Vandegrift told his story. The facts marched forth as gaunt and unpolished as his Marines. Halsey asked:
“Are we going to evacuate or hold?”
“I can hold,” Vandegrift said. “But I’ve got to have more active support than I’ve been getting.”
Rear Admiral Richmond Kelly Turner was stung. He commanded the Amphibious Forces Pacific, and Kelly Turner could not accept that Marine rebuke without reply. He spoke quickly in the Navy’s defense. There were getting to be fewer transports and cargo ships, fewer warships to protect them. There were no sheltering bases at Guadalcanal, and the Solomons’ landlocked waters were too narrow for maneuver. There were enemy submarines.
Halsey heard him out. But he had made up his mind.
“All right,” he told Vandegrift. “Go on back. I’ll promise you everything I’ve got.”
Even as Vandegrift flew back to Guadalcanal, Lieutenant General Hyakutate had decided to press the attack on the Matanikau. His irritation had not been mollified by Maruyama’s nice touch about the surrender. The Navy had grown churlish. Kondo and Nagumo were badgering him: would soldiers never learn that ships sail on oil? The Combined Fleet could not remain much longer at sea. Hyakutate had better get on with it.
He did. On the afternoon of October 21, he ordered Pistol Pete to begin pounding the Third Battalion, First Marines, atop the ridges overlooking the sandbar at the rivermouth. With night, the tanks would roll.
But that afternoon Pistol Pete found himself in a fight with the five-inch rifles of the Third Marine Defense Battalion. Two of the Japanese 150’s were silenced, and the others were forced to change position.
When Colonel Nakaguma’s 4th Regiment came at the Marines that night with their tanks and their gobbling cries of death, the big howitzers joined the lighter ones to destroy the lead tank and send the remaining ten rumbling back into the jungle with the 4th’s infantrymen swarming after them.
The Japanese repulse was so swift, the flare-up so brief, that General Vandegrift considered the entire engagement a patrol action.
It had not been, of course, it had only been Colonel Oka again. Not ten minutes after the tanks had rolled, Lieutenant General Hyakutate had learned that Oka was twenty-four hours behind schedule. He not only had not gotten into position east of the river upstream, he hadn’t gotten over the river.
Hyakutate quickly called off the attack.
Next day the commander of the 17th Army arrived at the Matanikau front in a rage of command. He signaled Oka and told him that he had better get across the Matanikau and be prepared to attack the exposed left flank of the Marine line by the night of October 23. Men who malingered were to be dealt with ruthlessly.
The assault was going to be made the night of the twenty-third no matter what, and with any luck, it might just happen that Maruyama—from whom nothing had been heard since October 20—would strike at the same time.
But General Maruyama had not yet reached his point of attack on that black night of October 23, and Colonel Oka was still dragging his feet.

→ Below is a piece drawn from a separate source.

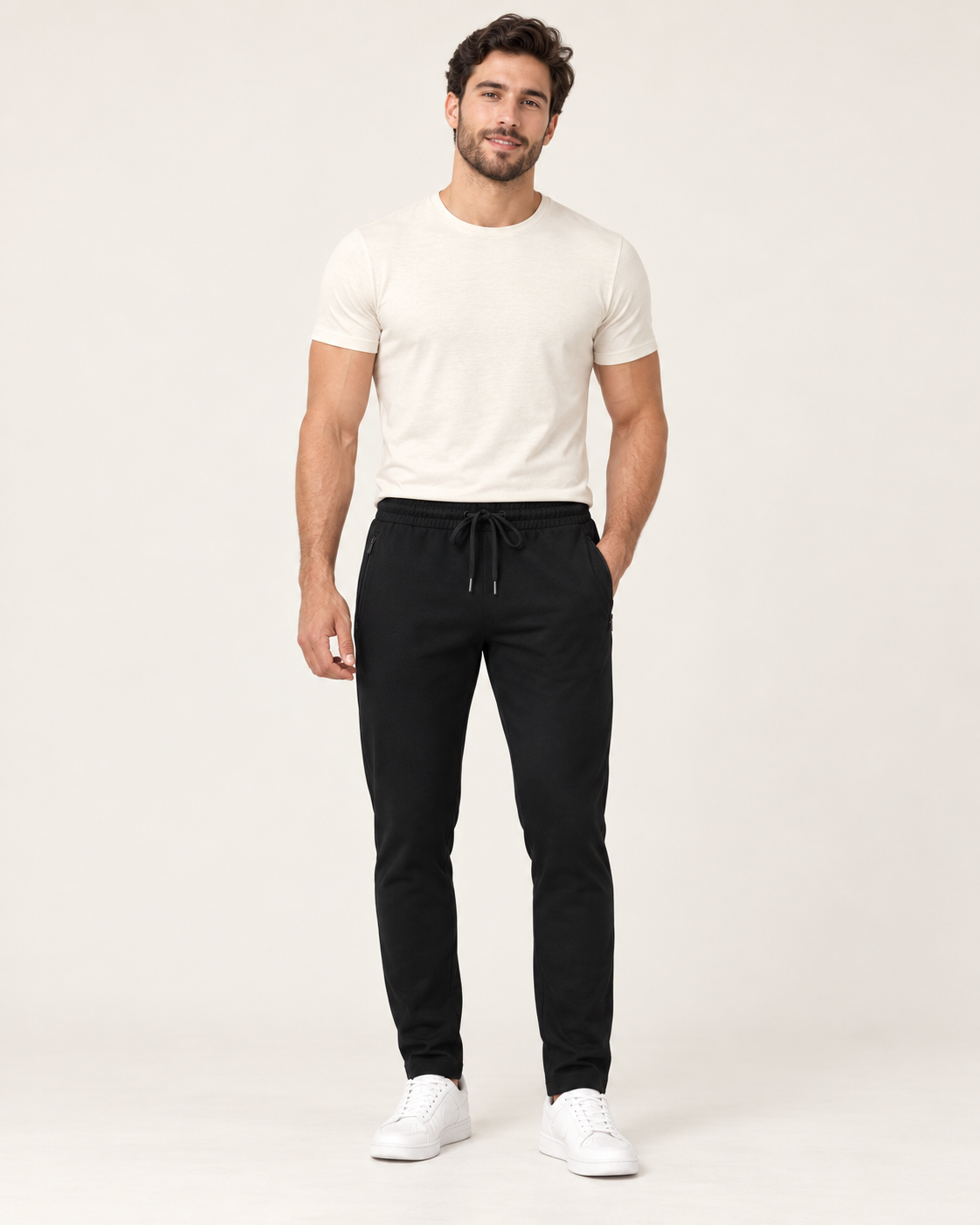 onyx black P004 sweatpants front view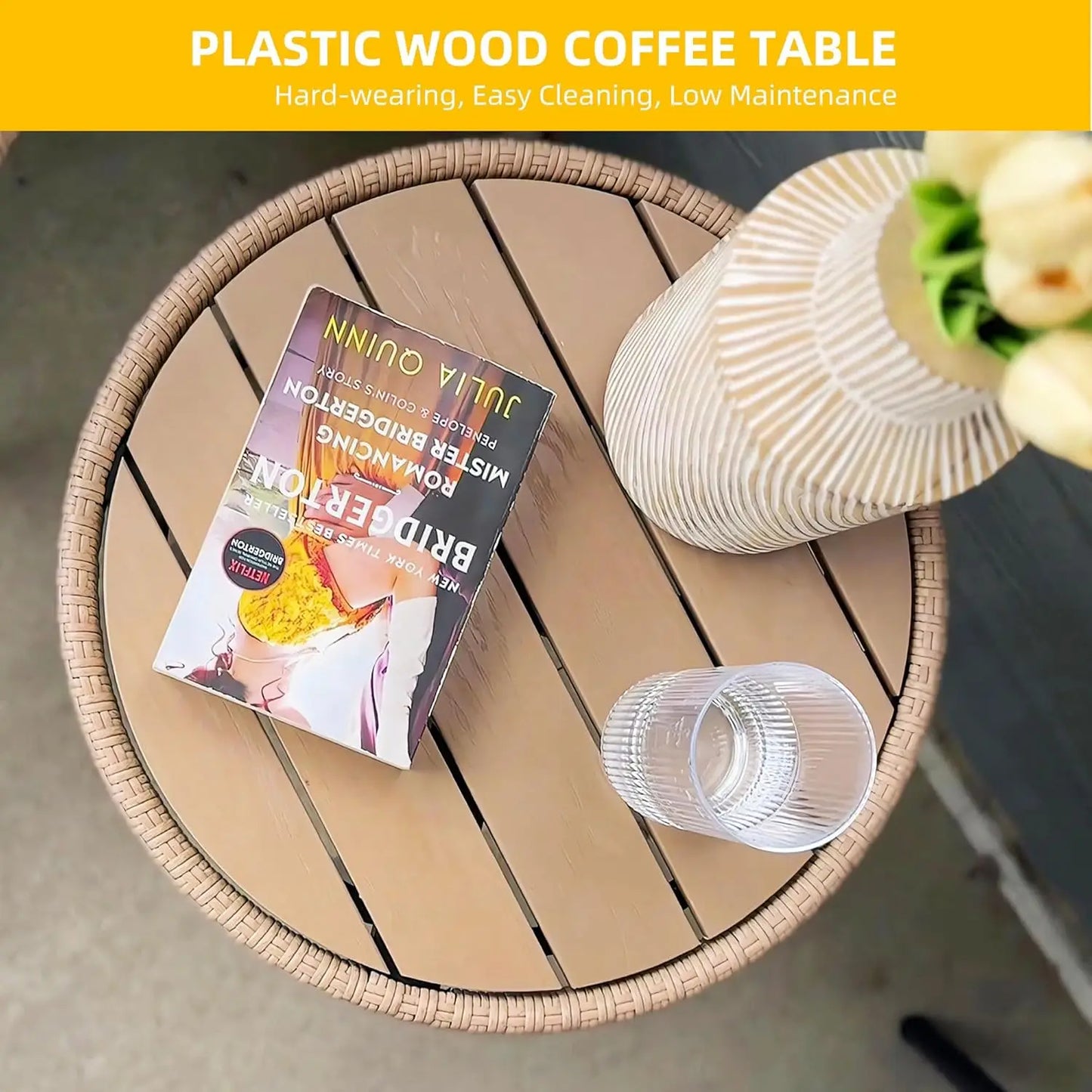 5 Piece Patio Bistro Set, Outdoor Wicker Conversation Set with Ottomans and Side Table, All-Weather Durable Rattan Furniture for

Only Colonel Nakaguma attacked, and it would have been better for the Japanese cause if he had not. For Nakaguma was another of those Japanese officers who pressed home attacks that were no better than massed deathswarmings. They could not fight and run away, these commanders. They would not fight another day. They would look on death before defeat.
The 4th Regiment rushed into the massed fire of 10 batteries of Marine artillery, into the murderous interlocking fire of machine guns, rifles and automatic weapons. They were like moths, seeking to obliterate the light with their exploding bodies. They matched flesh against steel and were torn apart.